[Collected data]
+-------+

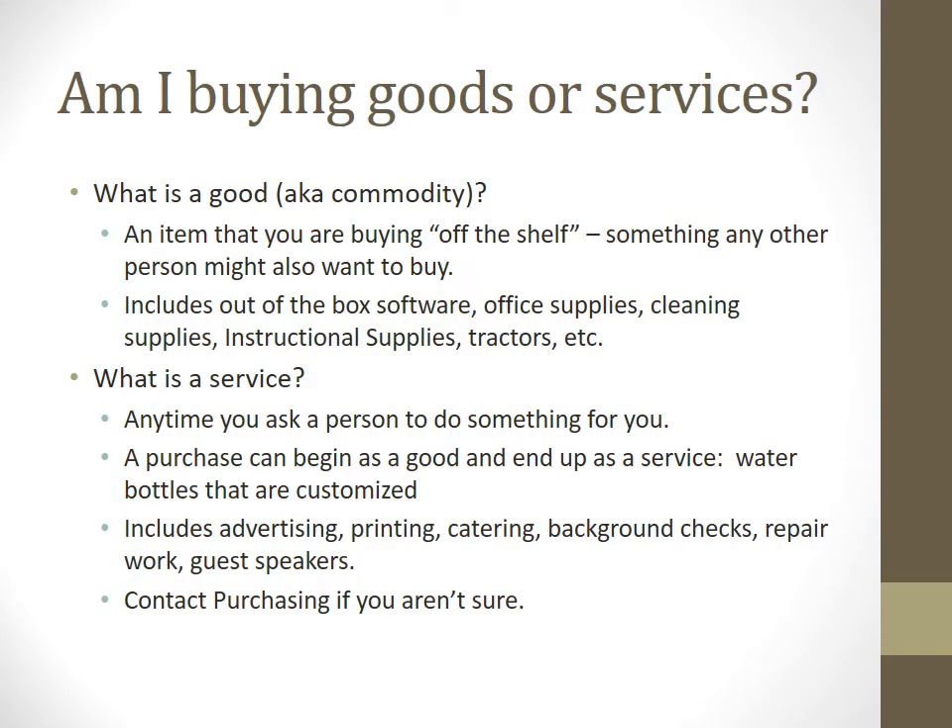Here's a rough guide on whether you're buying goods or services. Goods, also known as commodities, are things you buy off the shelf that someone else might also want — office supplies, software, cleaning supplies, equipment, and so forth. Services is any time you're having a person do something for you. Sometimes you're obtaining a physical good, but it still qualifies as a service because someone is doing it for you rather than you buying a pre-done item — advertising, printing, catering, guest speakers, writers, things like that. If you're not sure, give me a call.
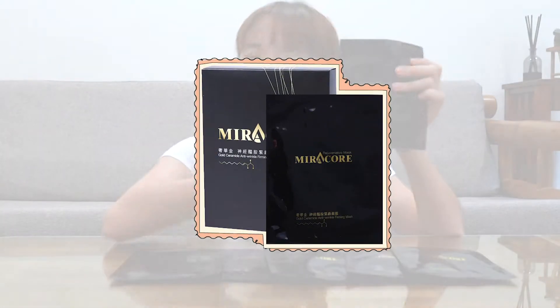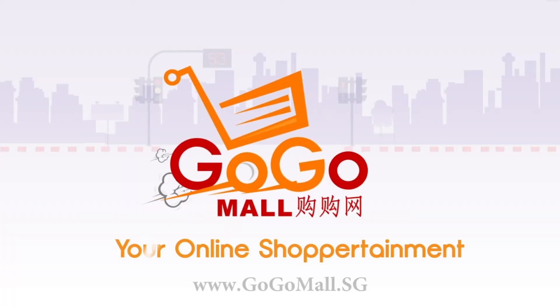If I have to pick one of my favorite masks, it would be the Gold Ceramide Anti-Wrinkle Firming Mask. After I use this mask, I can really see the results — little by little, this is something that you have to do on a daily basis. My skin was stronger, tighter, and much firmer than before. If you use this mask, trust me, you're gonna get really beautiful skin. Shop now at gogomall.sg.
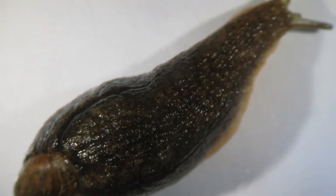There are some exceptions to the rule — this is a Testacellidae, which has a small shell at the tail end of its body, but it is classed as a slug because it cannot retract into that shell.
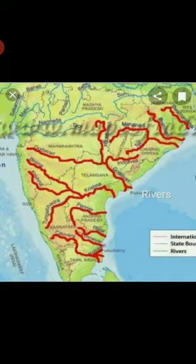Godavari is the longest river in this Plateau region. Jog Falls of the Sharavati river in Karnataka is the highest waterfall in India.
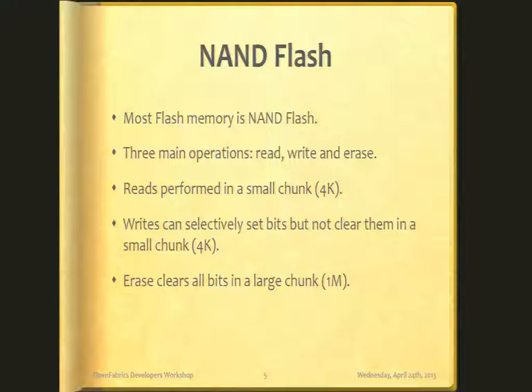The only catch with write operations is that they can only set bits — they cannot clear them. And this is where erase comes in. If you want to write a block with bits that are already set, you must erase it first. There's another catch: while you can read and write 4K bytes at a time on a 4K boundary, erase works with a much larger block size, on the order of a megabyte. So you have to plan your erases carefully.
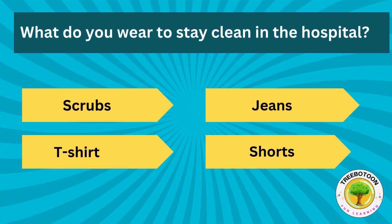What do you wear to stay clean in the hospital? Scrubs, jeans, t-shirt or shorts?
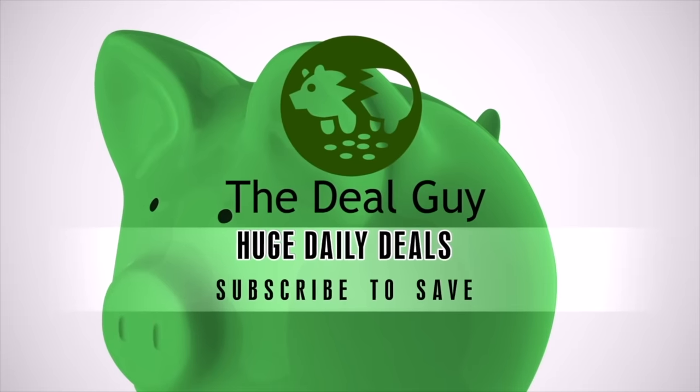Today, huge deals and hidden savings. Hi, I'm the YouTube Deal Guy, Matt Granite. Welcome to your one-stop shop for savings.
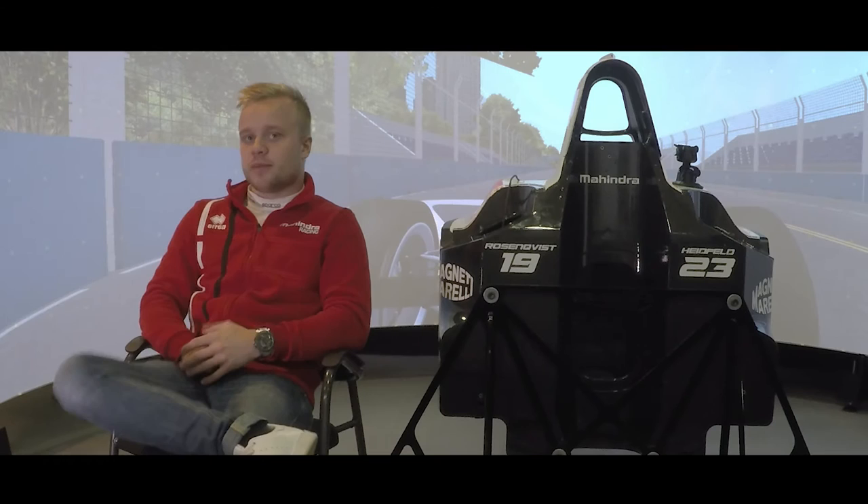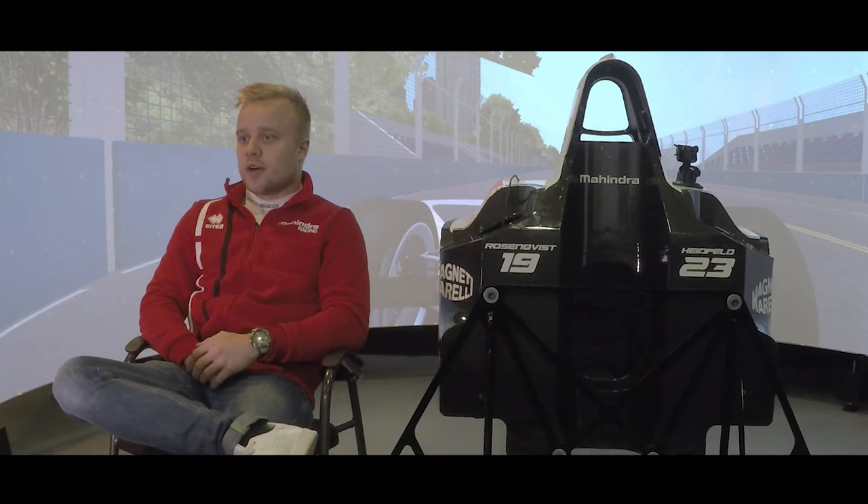Hello guys, we're sitting here in front of our new simulator in Barcelona, which we just built a couple of weeks ago. We've been quite busy the last couple of days to get it up and running and make everything run smoothly, so we can now have proper preparation for our next race in Buenos Aires.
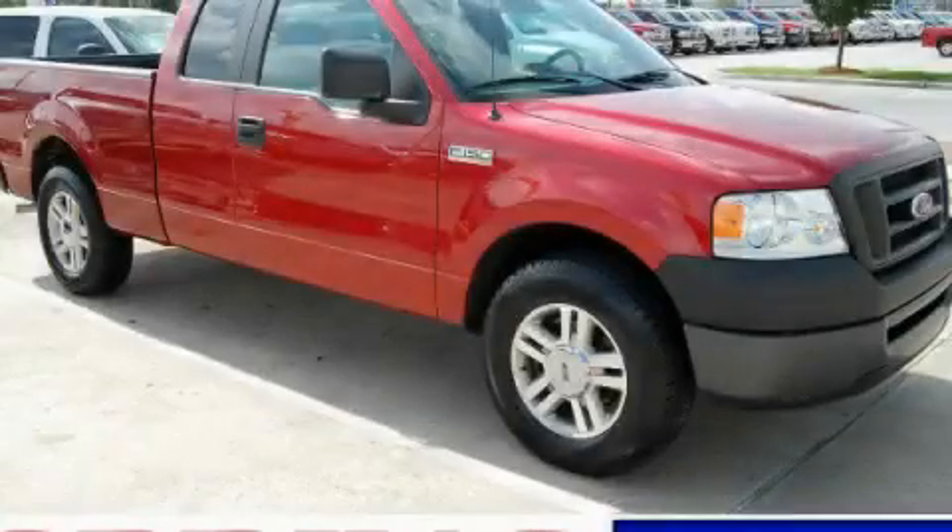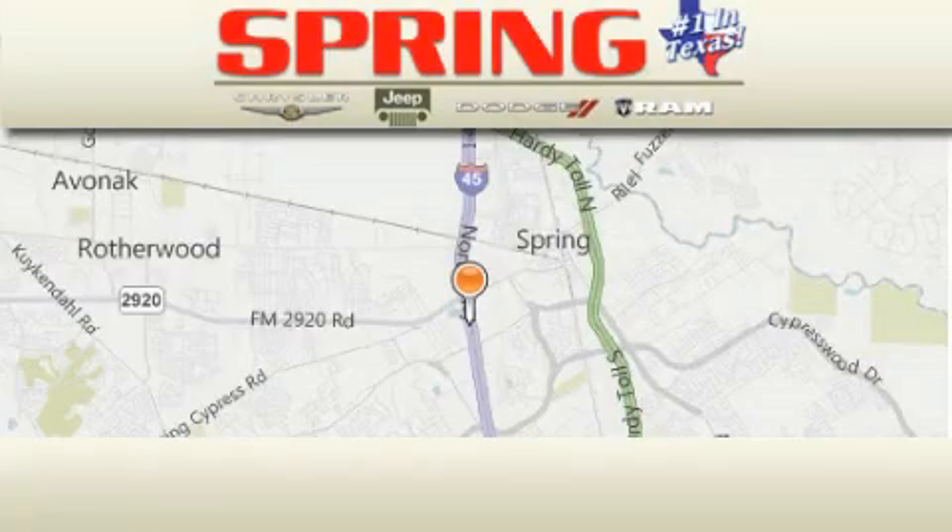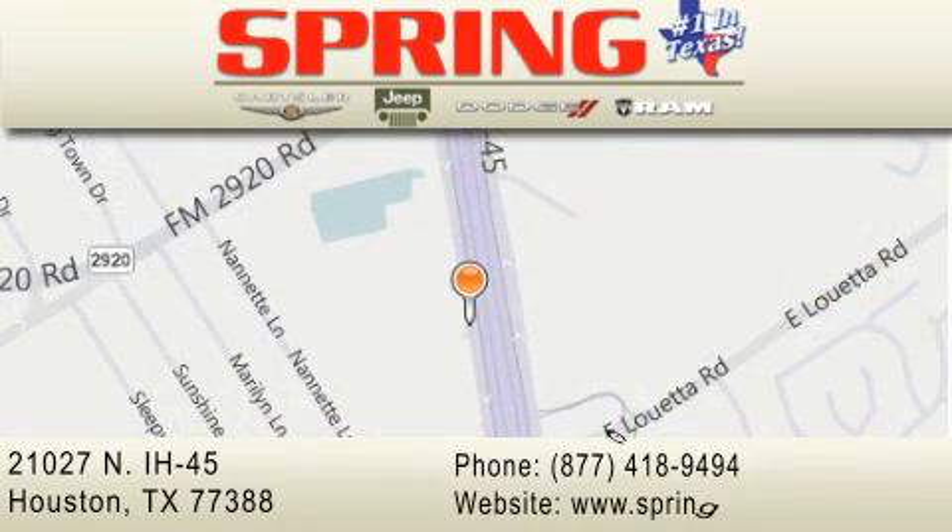Please call today to reserve this vehicle for a test drive. Spring Chrysler Jeep Dodge is located at 21027 North Interstate Highway 45 in Houston. Our goal is to exceed all of your expectations to ensure that you'll return for future visits.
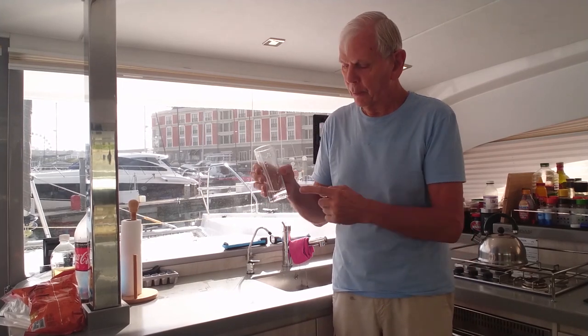What's interesting about this glass of water is it's not long come out of the sea. Bob's newly installed watermaker is producing perfectly fresh, clean, drinkable water. Amazing.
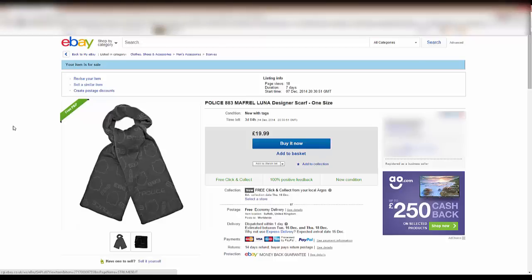Many of you will be aware that eBay have launched their click and collect service, which was rolled out some time ago as a trial, but has been going mainstream for the last couple of months. From my experience, it's worked very well indeed, both as a buyer and a seller. Essentially, the click and collect service allows you to have your eBay item sent to a local Argos store of your choice. If you work in a town with an Argos down the road, you may want to get it delivered there so you could pop in on your lunch break or after work and grab your item — maybe a lot more convenient than having to go to your local Royal Mail delivery office.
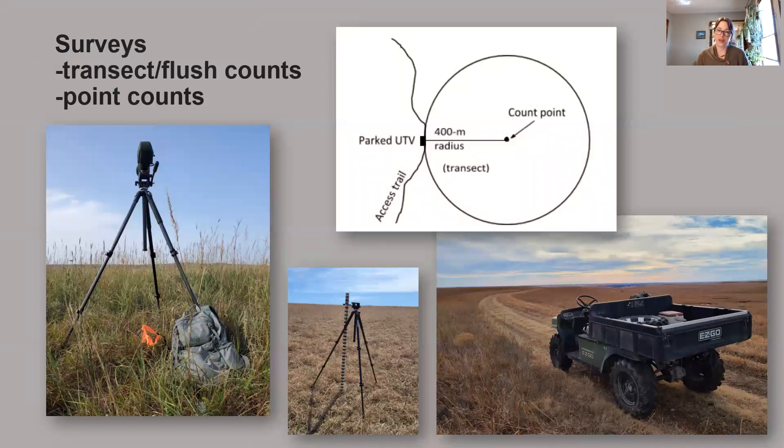At these point count circles, I'm utilizing two different survey methods. The first is a transect flush count, in hopes of flushing individuals that wouldn't otherwise be seen during a point count. That's followed by a nine-minute point count split into three-minute sections, in hopes of having a time-removal way of estimating detection probability. I'm keeping track of detection types, collecting distance data for all detections, and also keeping track of any ancillary sightings throughout my time at both study sites.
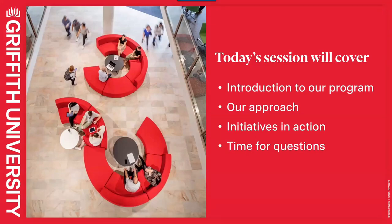Today I'll be covering an introduction to our program. I'm mostly going to focus on our approach — how we've arrived at where we are today and formulated a plan moving forward for the year — talk a little bit about the initiatives we've put into action, and there's some time for questions at the end.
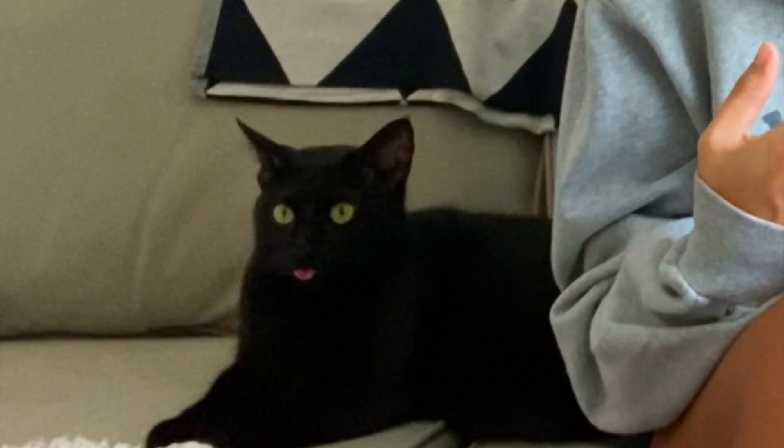Hey guys, welcome to my YouTube channel. I recently moved to a studio apartment. I uploaded a video when I was hunting for an apartment, and then when I moved in I uploaded my apartment tour video. In that video I said the apartment needs a lot of decor, and yesterday I went decor shopping. I went to different stores: Home Centre, Pan Emirates, Maisons Du Monde, Pottery Barn, and IKEA. I'm going to show you what I bought from each store.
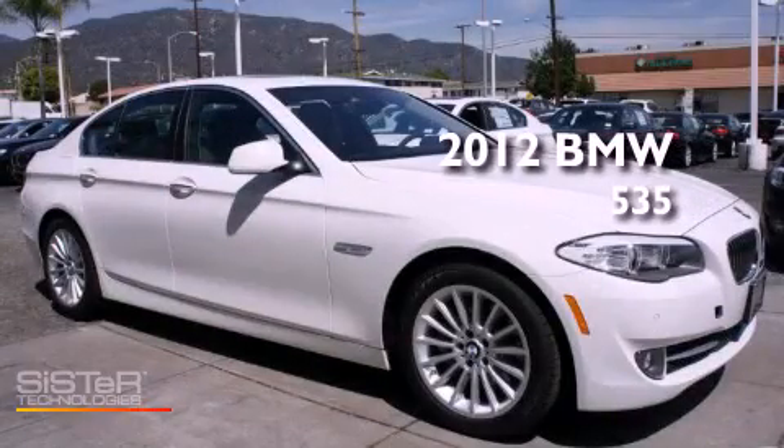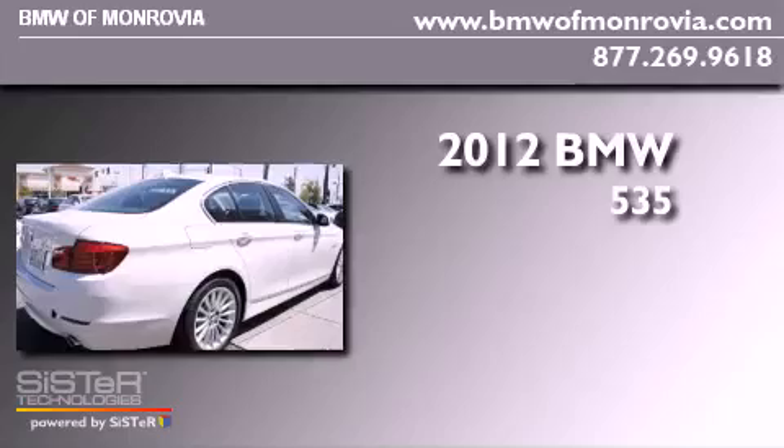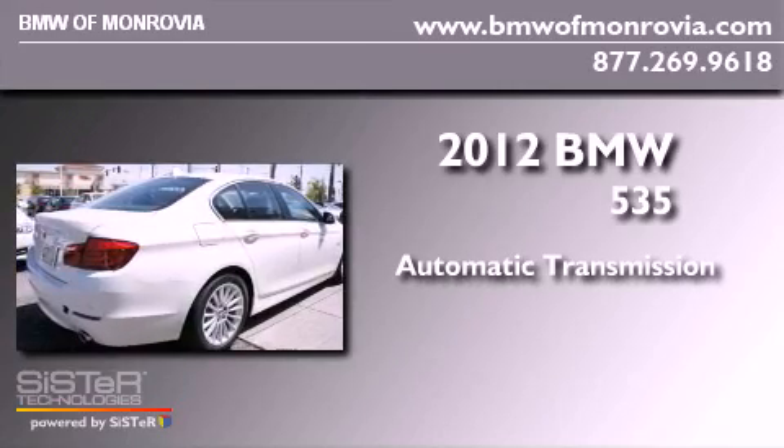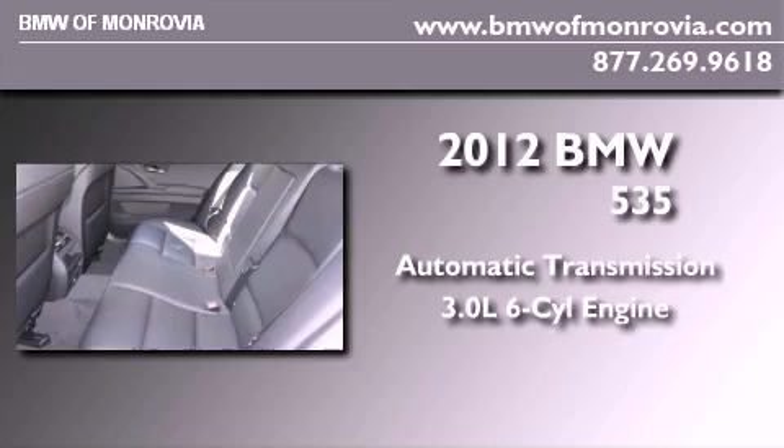This is a brand new 2012 BMW 535. This car has an automatic transmission and a 3.0-liter inline six-cylinder engine.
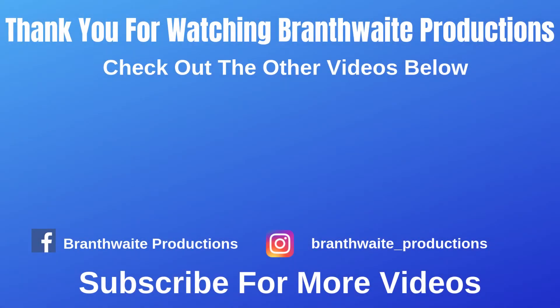Thank you for watching Brampick Productions. Check out Brampick Productions on Facebook and Instagram for more updates on the channel. Click on the Brampick Productions icon to subscribe, and check out all the other videos in the end screen below.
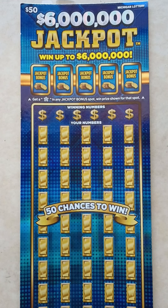What's up everybody, it's Ipsy Scratchers back with another video. Today I stopped by the store and I grabbed a $50 6 million jackpot scratch off ticket.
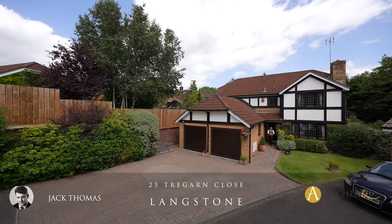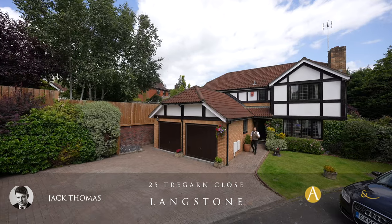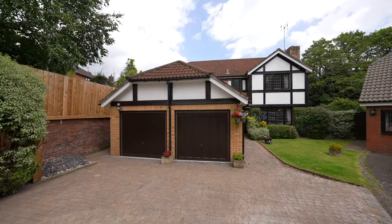Hi everyone, Jack here. Today I'm delighted to introduce a new listing coming to the market. This is a four-bedroom detached property located in the increasingly popular area of Langstone. Ladies and gentlemen, this is 25 Dregarn Close — let's take a look inside.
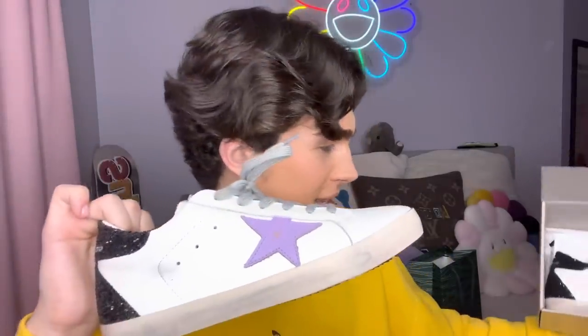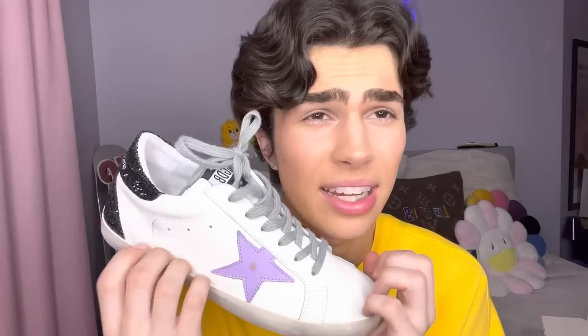Look at how cute these are — I am obsessed. They have a sparkly back. Golden Gooses are just such a vibe — they feel so nice, I've already tried them on, and they're such a soft leather. I picked these out for my mom as a surprise, but since we're on the same shoe size I'm definitely going to be wearing these too. I feel like some people get mad that I get replicas, but who really cares — they're just material things and we're not going to die with them.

+-------+

## Exercise instructions
Please print the lines above word for word, starting at the one with "Hey guys, welcome" and ending at the one with "This is a brand", both included, and without any picture.

## The completed task
Hey guys, welcome to my YouTube channel. I recently moved to a studio apartment. I uploaded a video when I was hunting for an apartment, and then when I moved in I uploaded my apartment tour video. In that video I said the apartment needs a lot of decor, and yesterday I went decor shopping. I went to different stores: Home Centre, Pan Emirates, Maisons Du Monde, Pottery Barn, and IKEA. I'm going to show you what I bought from each store.
This is a brand new 2012 BMW 535. This car has an automatic transmission and a 3.0-liter inline six-cylinder engine.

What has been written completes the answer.